## What is expected
In the data below, repeat the line containing "Windtower in the" and every following line exactly, up to and including the last line. Exclude pictures.

## Given information
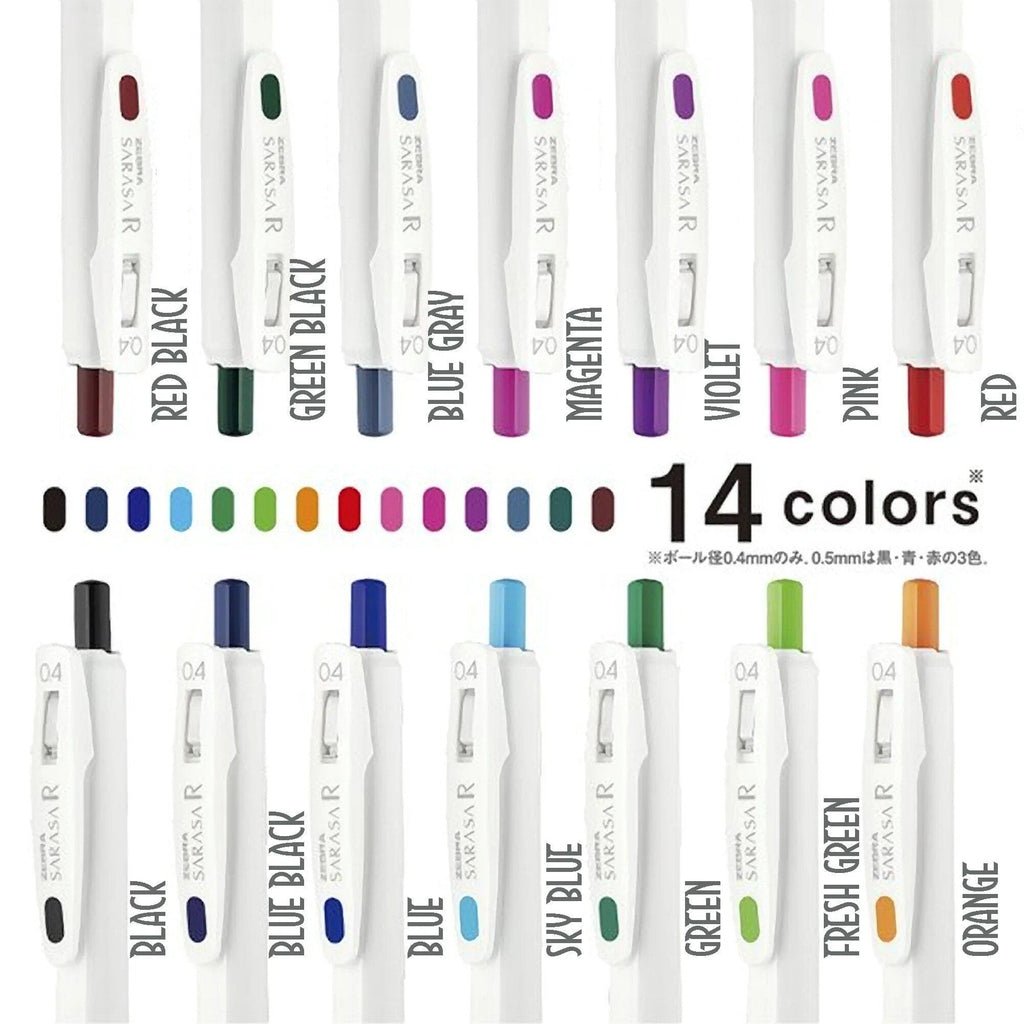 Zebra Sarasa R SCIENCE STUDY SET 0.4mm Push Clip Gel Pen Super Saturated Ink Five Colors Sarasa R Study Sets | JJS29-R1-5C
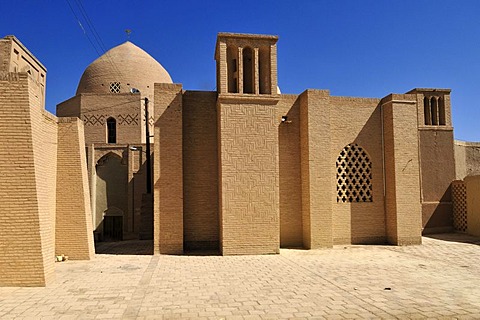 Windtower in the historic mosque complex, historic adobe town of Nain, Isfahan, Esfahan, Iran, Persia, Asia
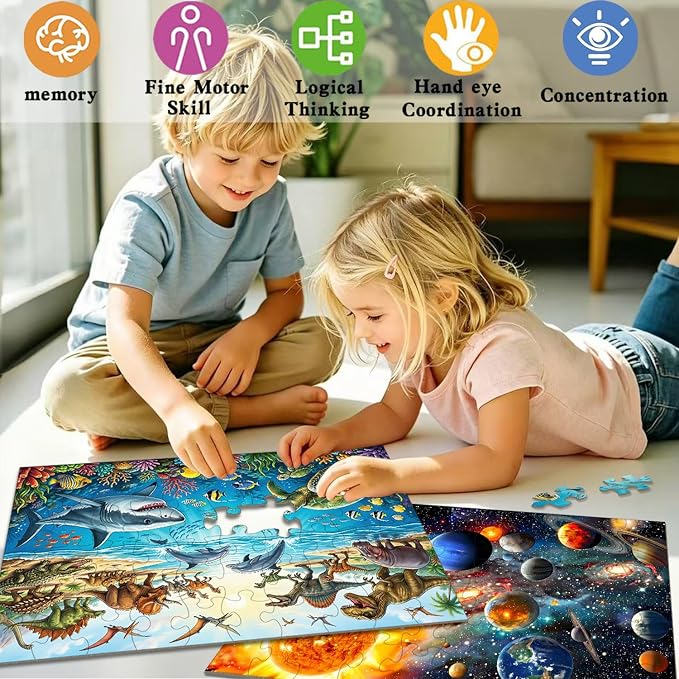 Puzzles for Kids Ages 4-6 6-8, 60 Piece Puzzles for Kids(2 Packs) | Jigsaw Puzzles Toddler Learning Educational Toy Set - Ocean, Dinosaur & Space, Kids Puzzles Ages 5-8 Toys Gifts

## Solved problem
 Windtower in the historic mosque complex, historic adobe town of Nain, Isfahan, Esfahan, Iran, Persia, Asia
 Puzzles for Kids Ages 4-6 6-8, 60 Piece Puzzles for Kids(2 Packs) | Jigsaw Puzzles Toddler Learning Educational Toy Set - Ocean, Dinosaur & Space, Kids Puzzles Ages 5-8 Toys Gifts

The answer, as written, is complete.